Karungulam is a village in Tamil Nadu, India. There are several villages in the state which share this name; this article is about the village in Thoothukudi district at Vagulagiri hill. The village is also called Marthandam Karungulam for the Lord Marthandeswara temple located at the entrance of the village on its northern border. The village is chiefly notable for its temples.

==Administration==

Karungulam village in Thoothukudi district and has been under this jurisdiction since the bifurcation of Tirunelveli District.

==Geography==

The Thamiraparani river flows on the eastern side of Karungulam village parallel to the Tirunelveli–Tiruchendur high road.

Vagulagiri is a small hillock situated on the southern bank of Thamparapani, on the northeastern side of the village. It is said to have gained its name from vagulam flowers which once covered the hill.The village is surrounded by lavish greeney and ponds. The occupation of the village is mainly agriculture.

==Religion and culture==

Veneration is important to many of the people of Karungulam and those who visit the village and surrounding region.

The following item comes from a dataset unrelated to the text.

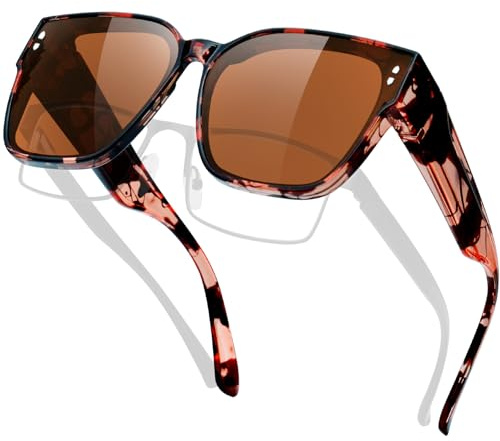 KANASTAL Cubre Gafas de Sol Carey Marrones Superpuestas Leopardo Mujer Polarizadas Hombre Sobregafas Anchas Pasear UV400 Fit Over Sunglasses - Lentes Marron y Montura Leopardo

Some believe that the Pushkarani water of Tirupati flows into the Thamiraparani river, making it sacred. Temples line both sides of the river along the Tirunelveli–Tiruchendur road, and people bathe in the river to purify their sins before going for darshan at Vagulagiri.

The village is near the Adichanallur where ancient people lived. Many burial urns protrude from the ground portion of Kotai Vasal. Coins and mud vessels have been unearthed during excavations for new construction.

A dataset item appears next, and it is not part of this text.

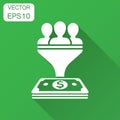Lead management icon in flat style. Funnel with people, money vector illustration with long shadow. Royalty Free Stock Photo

Karungulam is sometimes called Marthandam Karungulam for the Lord Marthandeswara temple located at the entrance of the village on its northern border. The unique feature of this temple is that the Navagrahas are depicted with their wives, suggesting that it is very old.

A Navadurga (nine forms of Durga) temple unique to Tamil Nadu is located near the Marthandeswara temple. The nine durgas are Śhailaputrī, Brahmachāriṇī, Chandraghaṇṭā, Kushmanda, Skandamātā, Kārtyāyanī, Kālarātrī, Mahāgaurī and Siddhidātrī.

The Vagulari temple atop Vagulagiri hill enshrines its main deity, Lord Venkatachalapathy, in the form of two sticks (ther kals'-form of sticks used to construct a chariot) made of sandalwood.There is a sannadhi for Lord Srinivasa and consorts which are believed to exist even before the sannadhi of Venkatachalapathy. Sannadhis of Lords Venkatesa and Srinivasa overlook the village and some believe that the deities protect the villagers from evils, communicable diseases and other dangers. The Chithirai festival attracts many devotees. Puratasi Sani Garuda Sevai is celebrated in the Saturdays of Puratasi, and the Pavithrothsavam festival is celebrated for three days in July.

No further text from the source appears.